● Recorded data
━━━━━━━━━━━━━━━━━━━━

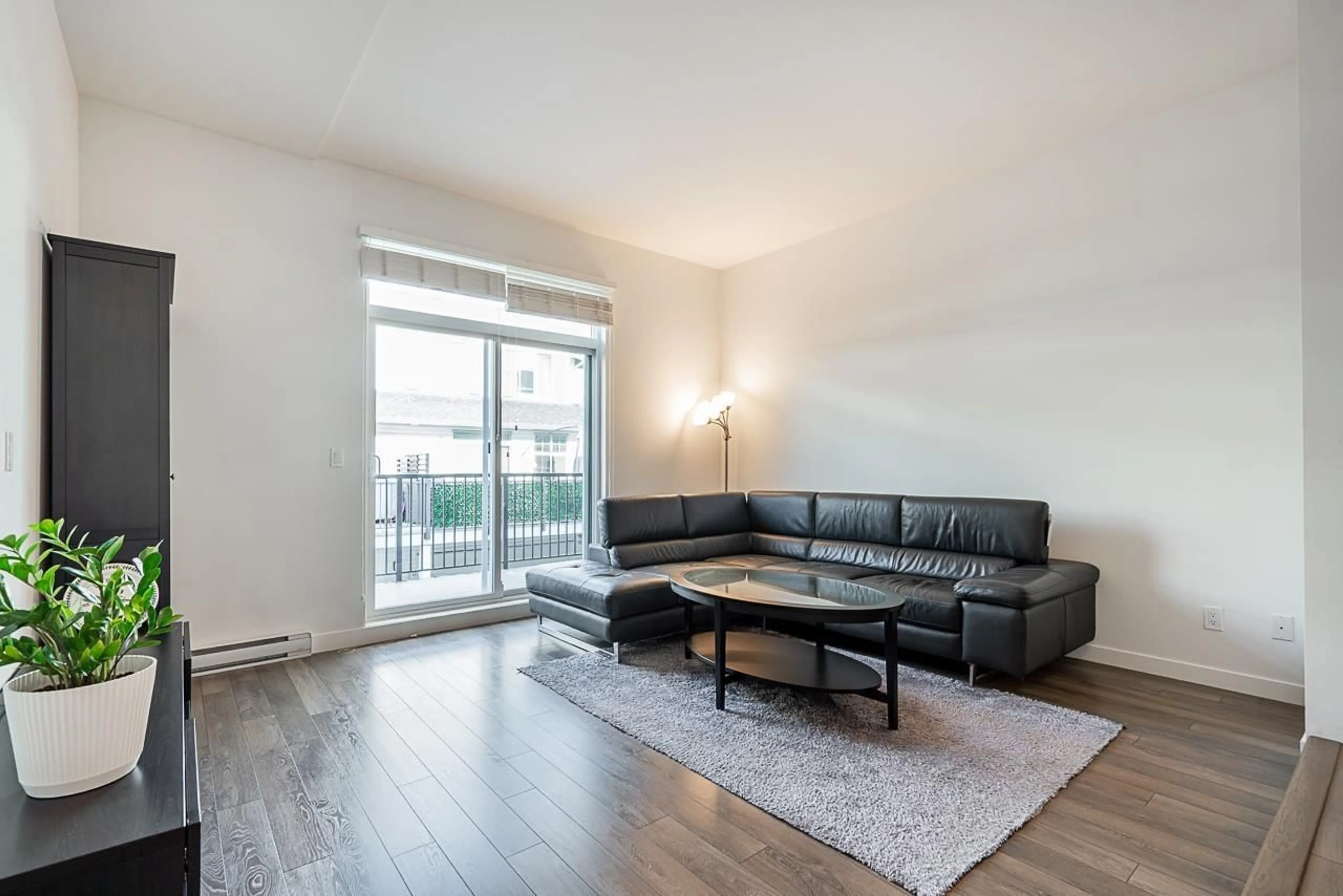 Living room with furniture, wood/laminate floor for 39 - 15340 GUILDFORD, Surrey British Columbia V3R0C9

━━━━━━━━━━━━━━━━━━━━

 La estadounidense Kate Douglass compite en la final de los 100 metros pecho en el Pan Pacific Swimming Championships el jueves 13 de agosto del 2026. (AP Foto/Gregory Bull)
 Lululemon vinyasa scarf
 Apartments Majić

━━━━━━━━━━━━━━━━━━━━

● Exercise brief
Whatever else the listing above holds, retype exactly only the lines from the one containing "La estadounidense Kate" to the one containing "Apartments Majić", both ends kept.

● Reply
 La estadounidense Kate Douglass compite en la final de los 100 metros pecho en el Pan Pacific Swimming Championships el jueves 13 de agosto del 2026. (AP Foto/Gregory Bull)
 Lululemon vinyasa scarf
 Apartments Majić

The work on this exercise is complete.